Starting with the smallest infinite ordinal omega, we can look for
points where there's
a jump in complexity.  Omega + 1  is a a successor ordinal; so it's
ordinary.  Same
for omega + n,  n<omega.  Next, omega+omega seems no more complex than
omega.
So, after a while, we get to omega^2  .  It's a limit ordinal, so maybe
it's more
complex than omega.  But omega+omega is also a limit ordinal, and I feel
it's
no more complex than omega.  So if  alpha is some infinite ordinal,
say we define
(a) an alpha half-interval as:
       any non-empty subset of alpha of the form:  { delta in alpha such
that delta>= beta}
       for some  beta<alpha.

For omega^2,  and a beta<omega^2,  { beta, beta+1, .... w^30, ...
w^10000000  ... }
is an example of a half interval, a bit like  the half-line [3, oo[  in
the set R of real
numbers.

(b) an alpha interval (? "proper interval" ? ) is:
     any non-empty subset of alpha of the form:
       { delta in alpha such that  gamma>delta>= beta}, some beta, gamma
< alpha.

For omega^2, we have proper intervals:
[ w, w+w[     :=  { delta: omega<=delta< omega+omega},
[ w*n,  w*(n+1)[      or  [omega*n, omega*(n+1) [  for some integer n>1 .

Does there exist a half open interval A of omega^2 and a
//    property J
proper interval B of omega^2 such that A and B are order-isomorphic ?

I don't think so: B will always be made up of a finite number of copies of
omega followed by nothing, or a positive integer.

It seems on the other hand A will always
(%%)
be order-isomorphic to omega^2 (cf. definition (a) ).         (%%)

Omega^2 fails to have order-isomorphic A, B as asked for next to
"property J" above.  J is for jump, a jump in complexity. So
we say omega^2 has property J.

Next, after omega^2, I think the next ordinal with "property J" is
omega^3 .  After that,  omega^4,  omega^5, omega^6, omega^7 and so on ...
After all the omega^n for n  = 1, 2, 3  ...  [positive integers ],  I
guess we're
landed at omega^omega as the next smallest ordinal with "property J".

It seems intuitively that we now have to sort of "think out of the box"
and come up with something new ...

Does  omega^(omega^2)  have "property J"  ?
If this depends only on the "half-intervals", as in (%%)  above, that
simplifies things somewhat.

I would imagine that logicians who work in Proof theory, who
are used to large countable ordinals, might have thought
about similar problems.  Or maybe those in recursion theory...

David Bernier

The recursive ordinals are less complex than the non-recursive ordinals.

----

In article <68Qsk.6119$fA6.16...@wagner.videotron.net>,
David Bernier  <david...@videotron.ca> wrote:

Check out the definition of a "regular ordinal," e.g., see

  http://en.wikipedia.org/wiki/Cofinality

This is not exactly the same as your definition, but it's close.
--
Tim Chow       tchow-at-alum-dot-mit-dot-edu
The range of our projectiles---even ... the artillery---however great, will
never exceed four of those miles of which as many thousand separate us from
the center of the earth.  ---Galileo, Dialogues Concerning Two New Sciences

On Aug 26, 3:36 am, David Bernier <david...@videotron.ca> wrote:
|Does there exist a half open interval A of omega^2 and a
|//    property J
|proper interval B of omega^2 such that A and B are order-isomorphic ?

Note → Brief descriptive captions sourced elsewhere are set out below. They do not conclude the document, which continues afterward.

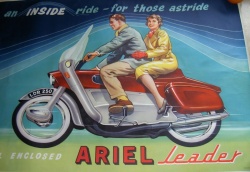 [TOPIC UNIQUE] Histoire des constructeurs motos - Page 3 Ariel-leader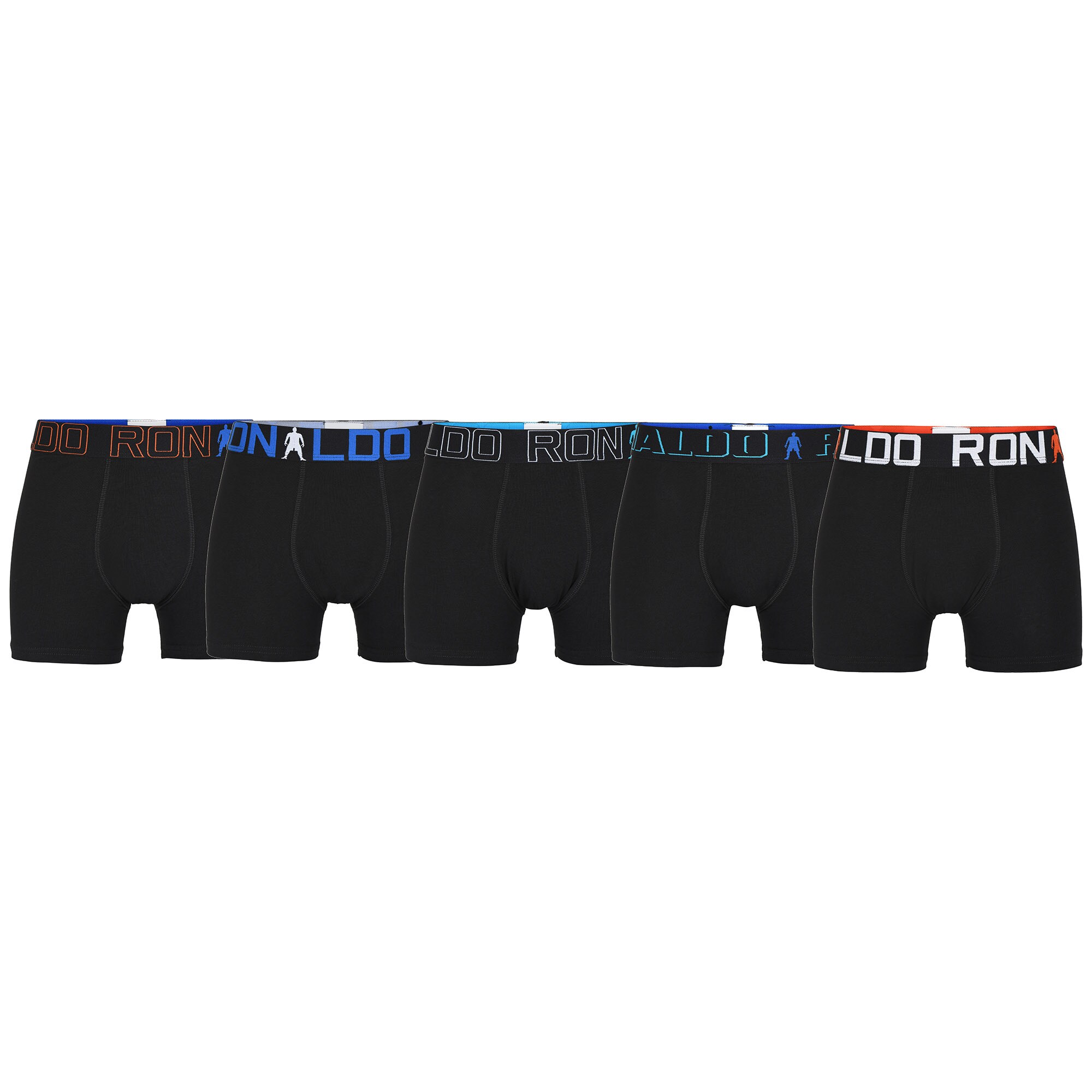 CR7 Boys Trunk 5-pack Jungen Boxershort - Bild 1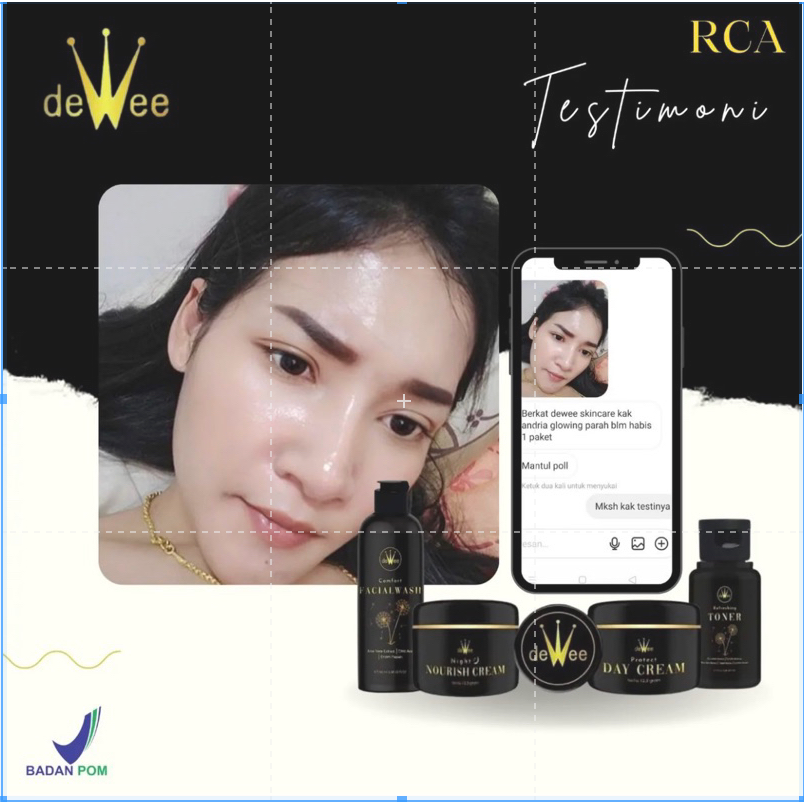 BEST SELLER TERLARIS Paket DEWEE Bandel DEWEE BEAUTY CARE BEAUTYCARE FLEK PARAH ACNE JERAWAT PARAH C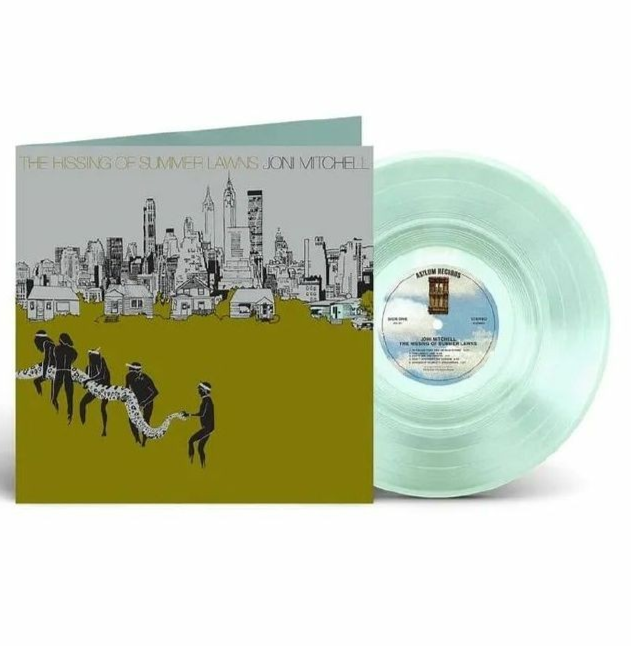 Joni Mitchell - The Hissing Of Summer Lawns (Remastered) (Bottle-Green Clear Colored Vinyl) [Vinyl] (ONLINE ORDER ONLY)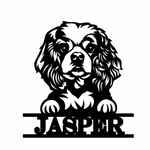 jasper/dog sign/BLACK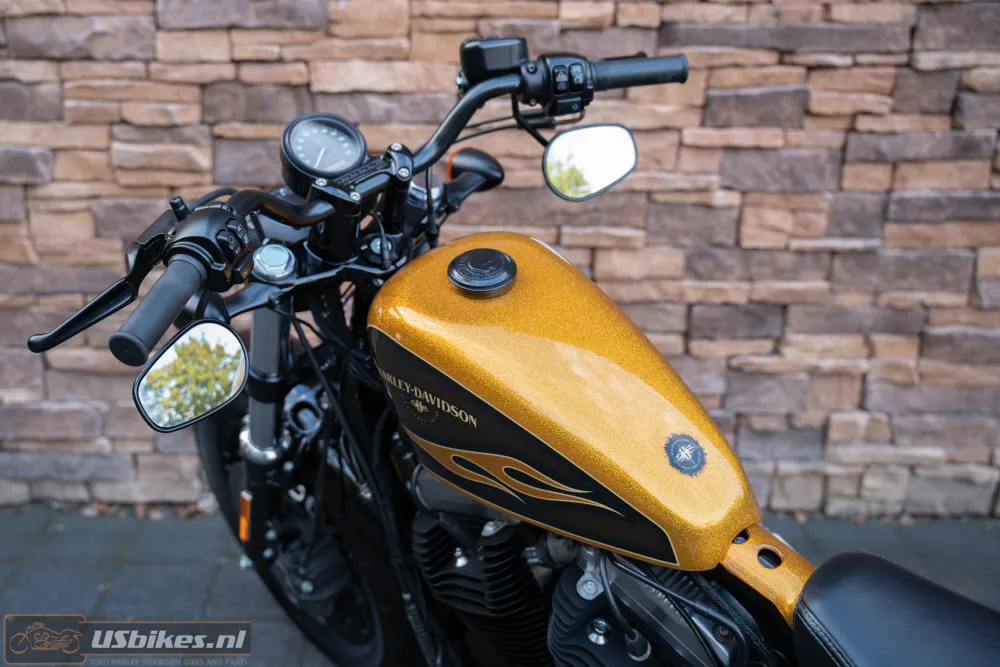 2016 Harley-Davidson XL1200X Forty Eight 1200 Sportster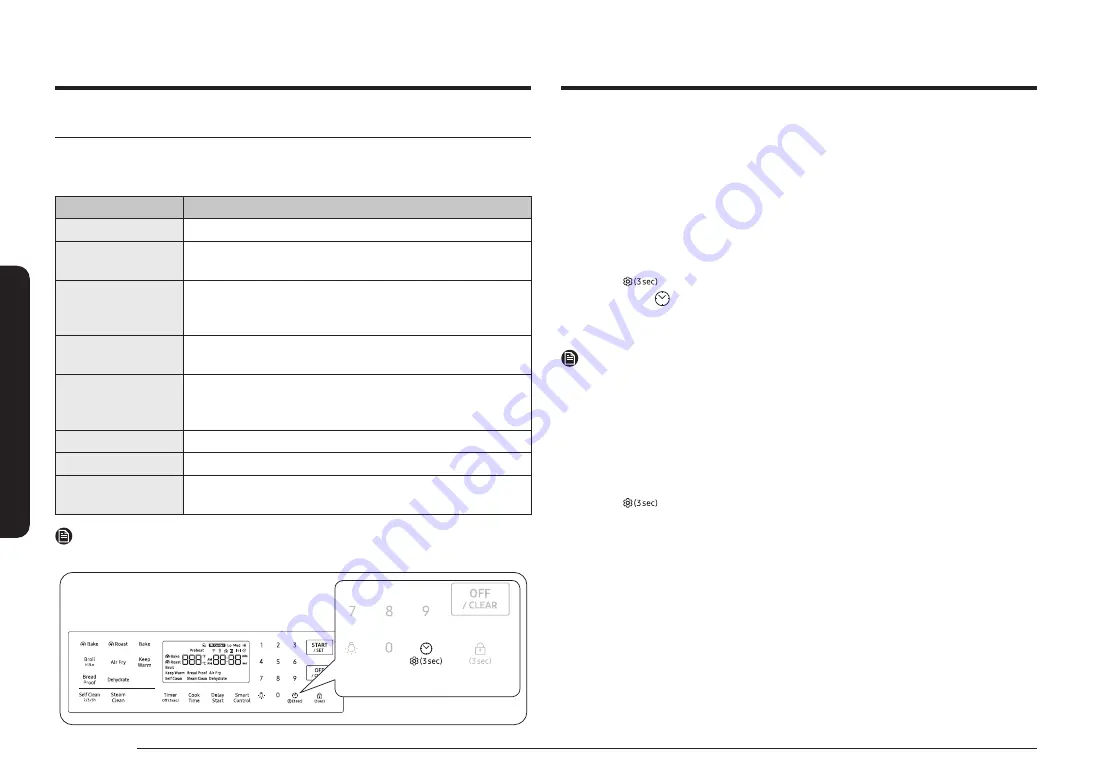 Samsung NE63BB861112AA User Manual Download Page 44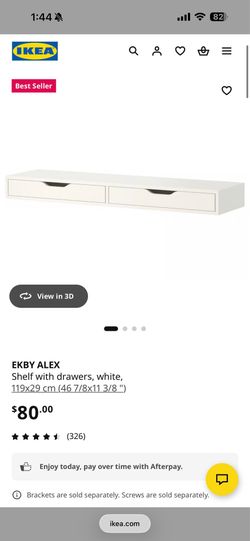 Vanity/Floating Shelf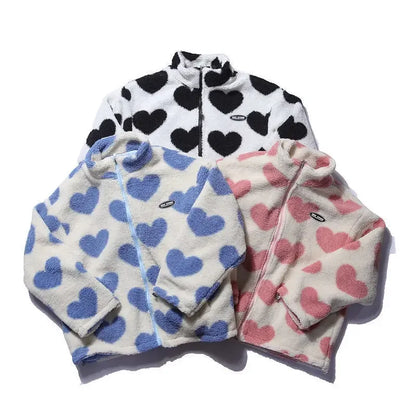 Winter Plush Lamb Fur Jacket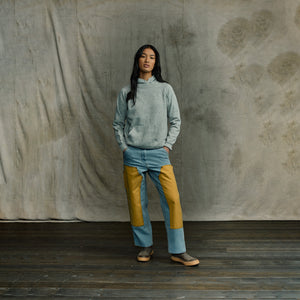 Jean femme de travail 369 g par Filson | Stone wash indigo (Blue)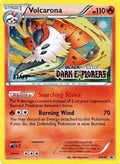 Volcarona - BW40 (Prerelease) [Staff] (BW40) [Black and White Promos] Holofoil - Promo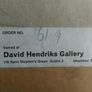 Geoff Rhind original mixed media on paper Image 3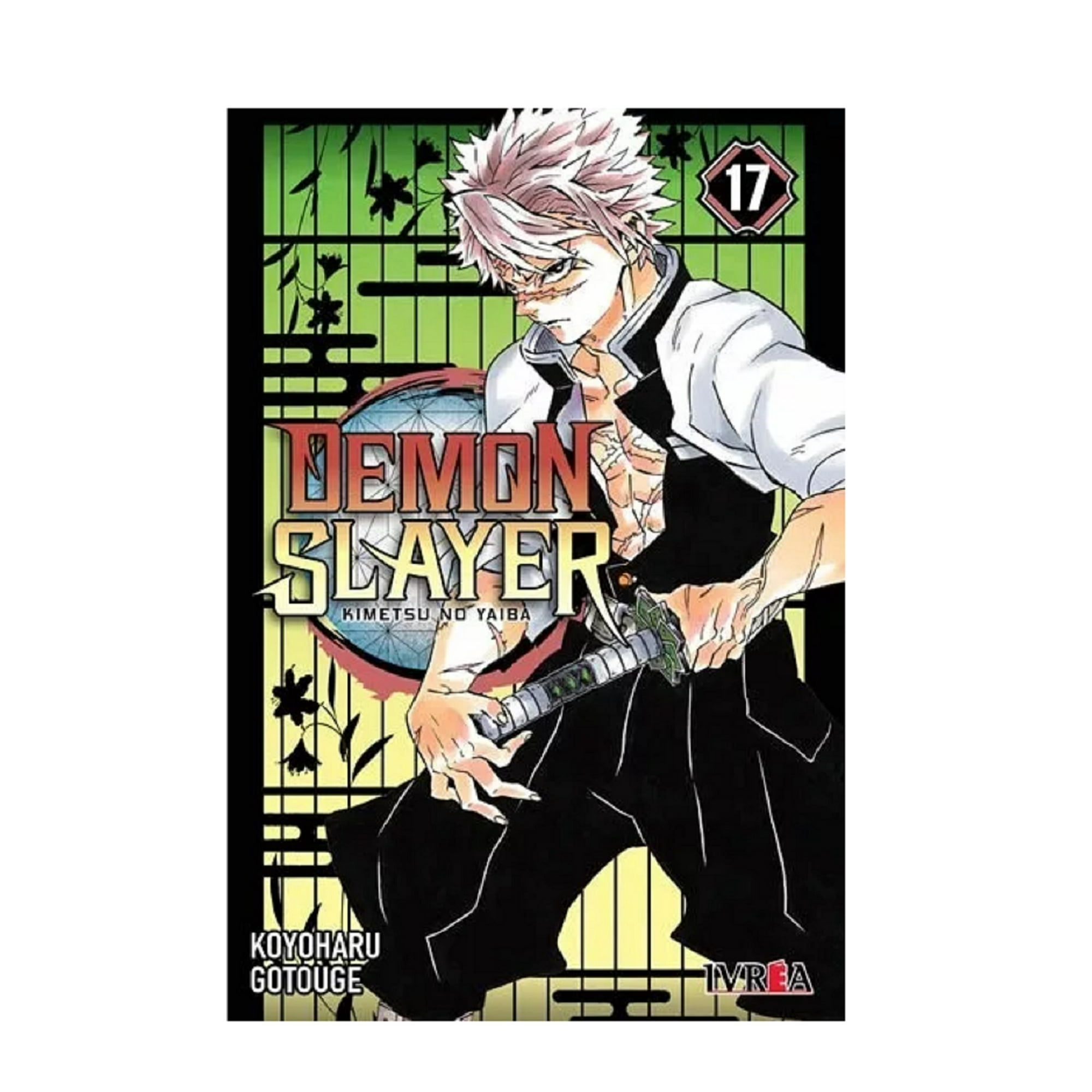 Ivrea - Manga - Demon Slayer Vol17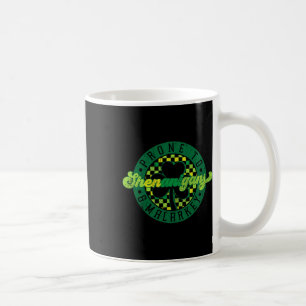 Vintage Prone To Shenanigans And Malarkey St Patri Coffee Mug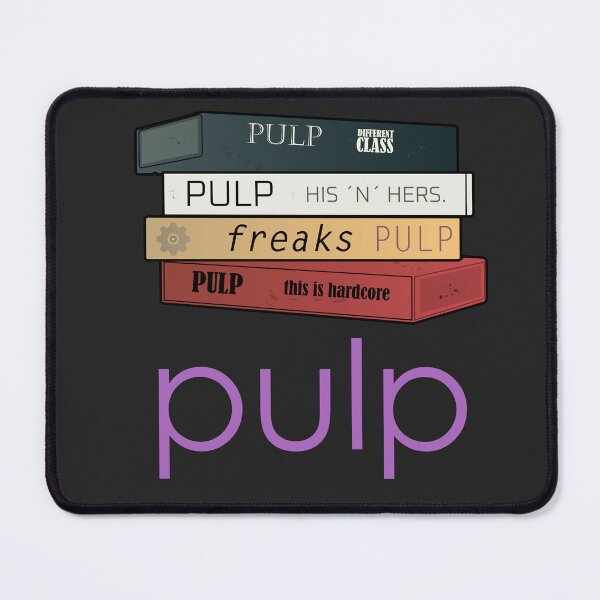 Item preview, Pulp band albums designed and sold by THE MODA STEREO.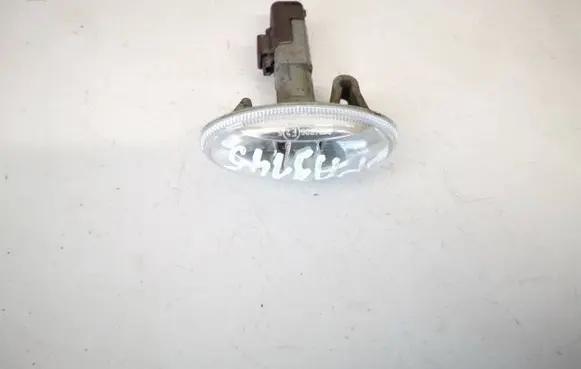 Front fender indicator light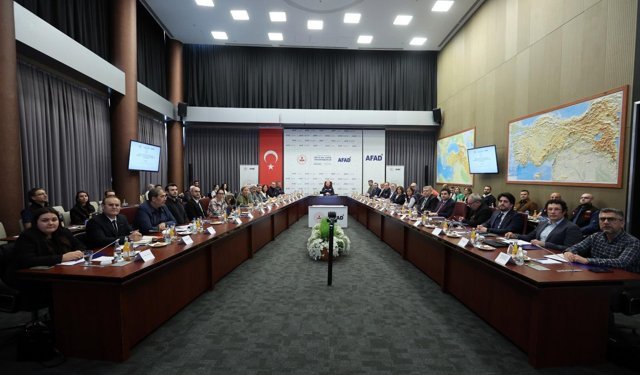 AFAD’dan Afet Sağlık Ekipleri İçin Kritik Çalıştay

If I understand you right, an ordinal alpha has property J if
it can be written as beta+gamma and also as
delta+gamma+theta for ordinals beta, gamma, delta, and
theta.

That's equivalent to being expressible as beta+gamma
for gamma<alpha. (That beta<alpha is automatic.)
For, if gamma<alpha, we can always write alpha as
gamma+theta by taking away an initial segment of
order-type gamma. If you want an interval really in
the middle and alpha is infinite, you can always
write instead 1+gamma+theta. :-) So one simple
way to describe property J is, "is not a sum of
smaller ordinals".

The condition is equivalent to alpha being a power of
omega. If you write alpha in Cantor normal form,

   omega^rho1 * n1 + ... + omega^rho_k * n_k,

where n_i are natural numbers and rho1>...>rho_k,
when any of the n_i are >1, or there is more than
one term, you can lop off the initial term and get a
tail that is smaller than alpha.

If on the other hand alpha is omega^rho, then any
tail has order type alpha. This follows again from
Cantor normal form, although this may be overkill.
Any ordinals <omega^rho have Cantor normal form
with all the powers being <rho. The sum has then
also Cantor normal form with the powers being
<rho, hence again is <omega^rho.

Keith Ramsay